Tropical dry forest
Biodiversity and Carbon (stacked)
The Nicoyan Peninsula is a site of significant conservation importance as it sits between three of Costa Rica’s protected areas (Diria National Park, Ostional Turtle Reserve, Guanacaste Conservation Area). Restoring the natural habitat of Nicoya would therefore create a biological corridor linking these existing protected areas and providing a major regional boost to biodiversity. It would also create large areas of tropical dry forest, one of the most threatened ecosystems in Costa Rica but which plays a key role in carbon storage and water reserves. Less than 50% of the original area of tropical dry forest in the Americas survives today, so this project would have not only a national impact, but a regional one too.
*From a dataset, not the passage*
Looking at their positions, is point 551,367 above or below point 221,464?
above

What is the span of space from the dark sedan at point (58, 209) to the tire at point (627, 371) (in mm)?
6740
But at present the area is dominated by deforested land, originally for cattle ranching although many ranchers have now abandoned the land or sold it to corporations, and this project aims to work with local communities and landowners to help nature recover on pastureland. Local NGO “Connecting the Roots” is already rewilding a 67 hectare area of grassland as a demonstration project but are seeking funding to rewild 2500 hectares in the short term and ultimately 10,000 hectares in the long-term. There is therefore significant scope to scale the project beyond its initial goals, either in partnership with a single funder or by packaging the area into a number of smaller projects.
As with all our projects, there would be a strong community element to ensure those that use and rely on the land are rewarded by its restoration. This would include job creation and skills development for local cattle farmers exiting the industry, research into SMART farming incorporating local ecological knowledge into continuing farming practices, and investment into local infrastructure to improve quality of life.